Theatrical release poster

Status: Lost

DOTA: Nakakabaliw (lit. DOTA Drives You Crazy) is a 2014 Filipino drama film directed by Dyzal M. Damun and starring teen actors James Matthew, Joyce Ching and comedienne Whitney Tyson (erroneously billed as "Whitney Tyzon").[1] As the name suggests, the film decries the supposed dangers of online video games, particularly the multiplayer online battle arena Defense of the Ancients which gained popularity in the Philippines in the 2010s, and revolves around the melodramatic events that ensue when high school students become obsessed with playing DotA— and become addicted and involved in various crimes.

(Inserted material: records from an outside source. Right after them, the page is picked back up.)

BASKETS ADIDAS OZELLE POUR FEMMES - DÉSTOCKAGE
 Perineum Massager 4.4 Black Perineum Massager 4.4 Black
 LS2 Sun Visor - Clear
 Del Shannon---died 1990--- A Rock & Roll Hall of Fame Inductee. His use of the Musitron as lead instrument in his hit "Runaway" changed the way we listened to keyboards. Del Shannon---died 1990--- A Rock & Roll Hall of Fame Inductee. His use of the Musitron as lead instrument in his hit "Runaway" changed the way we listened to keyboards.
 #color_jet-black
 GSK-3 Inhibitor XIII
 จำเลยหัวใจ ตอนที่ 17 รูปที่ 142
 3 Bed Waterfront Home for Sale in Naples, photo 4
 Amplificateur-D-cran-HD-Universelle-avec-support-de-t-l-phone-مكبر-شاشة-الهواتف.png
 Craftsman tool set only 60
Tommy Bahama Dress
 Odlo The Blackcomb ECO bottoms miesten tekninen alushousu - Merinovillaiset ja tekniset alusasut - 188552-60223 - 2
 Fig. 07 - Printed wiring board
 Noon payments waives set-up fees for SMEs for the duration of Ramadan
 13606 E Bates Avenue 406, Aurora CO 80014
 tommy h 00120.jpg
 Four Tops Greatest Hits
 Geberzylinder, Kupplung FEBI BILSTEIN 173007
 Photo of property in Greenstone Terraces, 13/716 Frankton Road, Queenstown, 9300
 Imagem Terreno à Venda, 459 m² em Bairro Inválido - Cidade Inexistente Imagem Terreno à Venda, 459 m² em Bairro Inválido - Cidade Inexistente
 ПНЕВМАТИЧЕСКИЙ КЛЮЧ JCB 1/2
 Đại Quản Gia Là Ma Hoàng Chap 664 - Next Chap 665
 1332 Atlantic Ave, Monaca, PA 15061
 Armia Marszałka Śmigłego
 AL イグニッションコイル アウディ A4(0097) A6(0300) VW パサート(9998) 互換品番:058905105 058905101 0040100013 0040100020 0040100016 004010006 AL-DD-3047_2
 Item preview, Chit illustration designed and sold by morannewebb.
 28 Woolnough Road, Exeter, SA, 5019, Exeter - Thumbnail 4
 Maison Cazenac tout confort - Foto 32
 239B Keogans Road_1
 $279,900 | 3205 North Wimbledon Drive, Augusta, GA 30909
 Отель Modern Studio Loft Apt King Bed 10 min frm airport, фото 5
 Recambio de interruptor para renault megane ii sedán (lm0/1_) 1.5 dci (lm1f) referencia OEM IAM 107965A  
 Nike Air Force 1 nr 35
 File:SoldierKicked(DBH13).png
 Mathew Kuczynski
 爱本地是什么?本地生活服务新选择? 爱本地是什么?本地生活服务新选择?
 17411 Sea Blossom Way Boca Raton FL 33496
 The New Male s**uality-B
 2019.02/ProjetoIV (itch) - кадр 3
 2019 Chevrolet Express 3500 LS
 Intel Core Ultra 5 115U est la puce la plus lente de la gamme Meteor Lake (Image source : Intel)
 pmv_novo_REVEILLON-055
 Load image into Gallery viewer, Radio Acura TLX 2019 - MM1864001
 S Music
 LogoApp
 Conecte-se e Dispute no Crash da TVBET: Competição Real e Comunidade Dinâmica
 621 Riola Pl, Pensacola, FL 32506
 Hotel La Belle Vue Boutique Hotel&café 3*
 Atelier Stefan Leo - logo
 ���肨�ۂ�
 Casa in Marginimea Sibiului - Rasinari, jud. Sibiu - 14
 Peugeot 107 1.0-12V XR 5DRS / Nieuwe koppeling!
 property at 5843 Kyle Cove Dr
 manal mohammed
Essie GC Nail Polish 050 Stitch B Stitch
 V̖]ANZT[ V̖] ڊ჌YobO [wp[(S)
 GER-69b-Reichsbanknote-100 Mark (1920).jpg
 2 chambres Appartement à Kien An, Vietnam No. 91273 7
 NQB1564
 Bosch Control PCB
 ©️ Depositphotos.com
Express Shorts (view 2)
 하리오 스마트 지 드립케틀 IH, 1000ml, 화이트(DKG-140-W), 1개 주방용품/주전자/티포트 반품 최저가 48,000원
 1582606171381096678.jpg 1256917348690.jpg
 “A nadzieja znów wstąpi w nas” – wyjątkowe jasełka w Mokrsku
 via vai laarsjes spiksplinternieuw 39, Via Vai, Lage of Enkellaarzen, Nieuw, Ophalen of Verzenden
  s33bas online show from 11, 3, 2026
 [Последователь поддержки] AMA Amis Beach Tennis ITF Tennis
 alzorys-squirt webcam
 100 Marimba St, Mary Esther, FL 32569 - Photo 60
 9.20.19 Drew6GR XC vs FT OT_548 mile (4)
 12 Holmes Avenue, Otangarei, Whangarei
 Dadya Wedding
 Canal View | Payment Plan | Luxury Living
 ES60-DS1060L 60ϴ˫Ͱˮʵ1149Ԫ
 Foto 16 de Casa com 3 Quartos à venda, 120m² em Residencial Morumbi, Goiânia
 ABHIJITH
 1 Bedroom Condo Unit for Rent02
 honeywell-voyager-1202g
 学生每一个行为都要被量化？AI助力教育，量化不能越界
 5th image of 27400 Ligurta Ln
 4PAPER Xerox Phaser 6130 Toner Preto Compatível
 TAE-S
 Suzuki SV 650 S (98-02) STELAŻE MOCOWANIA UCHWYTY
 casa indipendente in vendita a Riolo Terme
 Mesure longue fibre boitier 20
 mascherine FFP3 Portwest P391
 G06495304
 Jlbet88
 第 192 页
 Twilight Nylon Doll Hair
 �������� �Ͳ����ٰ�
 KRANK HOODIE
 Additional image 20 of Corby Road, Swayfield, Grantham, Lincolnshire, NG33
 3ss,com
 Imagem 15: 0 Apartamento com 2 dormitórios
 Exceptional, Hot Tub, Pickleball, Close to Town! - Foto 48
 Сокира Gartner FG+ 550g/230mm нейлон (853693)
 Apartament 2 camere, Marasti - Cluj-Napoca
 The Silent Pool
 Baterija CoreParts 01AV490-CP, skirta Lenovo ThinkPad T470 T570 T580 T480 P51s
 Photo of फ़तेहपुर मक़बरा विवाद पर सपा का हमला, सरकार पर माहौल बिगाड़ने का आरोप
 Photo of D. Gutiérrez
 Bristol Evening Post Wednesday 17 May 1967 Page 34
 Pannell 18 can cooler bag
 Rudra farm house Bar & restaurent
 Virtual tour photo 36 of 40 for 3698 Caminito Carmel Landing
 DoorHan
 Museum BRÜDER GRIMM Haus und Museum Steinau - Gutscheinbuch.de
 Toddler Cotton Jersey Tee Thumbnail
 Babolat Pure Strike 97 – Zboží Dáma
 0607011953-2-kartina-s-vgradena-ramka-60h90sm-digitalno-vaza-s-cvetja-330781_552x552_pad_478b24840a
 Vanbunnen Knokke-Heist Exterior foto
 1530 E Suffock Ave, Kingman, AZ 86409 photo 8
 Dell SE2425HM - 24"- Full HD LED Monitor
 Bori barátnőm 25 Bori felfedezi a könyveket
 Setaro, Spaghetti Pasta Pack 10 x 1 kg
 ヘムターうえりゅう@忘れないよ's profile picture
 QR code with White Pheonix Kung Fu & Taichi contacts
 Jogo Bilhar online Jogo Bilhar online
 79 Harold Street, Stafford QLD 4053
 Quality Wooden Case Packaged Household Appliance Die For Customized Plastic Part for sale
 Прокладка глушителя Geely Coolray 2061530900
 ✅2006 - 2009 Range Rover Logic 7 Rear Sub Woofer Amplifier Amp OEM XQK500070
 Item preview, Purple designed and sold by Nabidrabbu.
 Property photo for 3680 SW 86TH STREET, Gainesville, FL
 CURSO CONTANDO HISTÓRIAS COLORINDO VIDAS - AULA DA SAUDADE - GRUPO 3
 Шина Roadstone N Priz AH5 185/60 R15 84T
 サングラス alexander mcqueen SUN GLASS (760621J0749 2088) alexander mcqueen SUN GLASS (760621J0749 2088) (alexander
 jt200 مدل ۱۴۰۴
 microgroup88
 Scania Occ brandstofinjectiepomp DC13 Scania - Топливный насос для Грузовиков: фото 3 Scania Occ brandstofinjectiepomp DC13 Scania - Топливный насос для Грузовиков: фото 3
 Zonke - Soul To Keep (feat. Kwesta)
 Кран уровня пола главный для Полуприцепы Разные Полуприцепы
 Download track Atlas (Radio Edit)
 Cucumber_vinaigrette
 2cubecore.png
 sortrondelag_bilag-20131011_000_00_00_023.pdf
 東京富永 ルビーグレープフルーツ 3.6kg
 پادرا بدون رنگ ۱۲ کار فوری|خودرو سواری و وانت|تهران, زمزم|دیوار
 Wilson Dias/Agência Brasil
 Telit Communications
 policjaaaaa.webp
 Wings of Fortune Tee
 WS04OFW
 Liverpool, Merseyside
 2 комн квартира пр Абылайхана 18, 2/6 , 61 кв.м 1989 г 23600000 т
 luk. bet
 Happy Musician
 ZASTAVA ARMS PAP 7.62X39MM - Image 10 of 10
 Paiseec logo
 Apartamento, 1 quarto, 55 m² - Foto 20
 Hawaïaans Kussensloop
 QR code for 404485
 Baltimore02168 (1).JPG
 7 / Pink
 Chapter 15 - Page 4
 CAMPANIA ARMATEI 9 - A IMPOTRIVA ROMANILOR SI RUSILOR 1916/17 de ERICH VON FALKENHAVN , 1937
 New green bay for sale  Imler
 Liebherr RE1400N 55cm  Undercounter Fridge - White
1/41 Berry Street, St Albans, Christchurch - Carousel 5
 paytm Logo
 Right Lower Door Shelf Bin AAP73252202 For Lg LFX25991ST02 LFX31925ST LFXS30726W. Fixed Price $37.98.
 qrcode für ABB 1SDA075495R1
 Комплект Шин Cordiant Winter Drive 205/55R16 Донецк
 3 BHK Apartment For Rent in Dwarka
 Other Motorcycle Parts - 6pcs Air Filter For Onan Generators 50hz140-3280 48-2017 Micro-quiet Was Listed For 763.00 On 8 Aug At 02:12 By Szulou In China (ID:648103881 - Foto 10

The film was widely ridiculed in Filipino internet circles both for its absurd and moralistic premise as well as its highly amateurish production values,[2][3] especially considering its wide theatrical release,[4] particularly with the poster with badly-cut out pictures of the lead actors apparently pulled from their social media profiles and a poorly-cropped screenshot of DotA in the background. Some netizens compared it unfavourably to the 1936 American exploitation film Reefer Madness, which was initially released as a social guidance film portraying the purported horrors of recreational consumption of cannabis but later gained a cult following as an exploitation movie, while others—in a textbook example of Poe's law—wondered if this was an (overblown) class project or a purposely bad satirical comedy.[2]

Availability

Despite it being released relatively recently, only a trailer and a theatrical release poster of the film are known to exist as the full movie is still unaccounted for.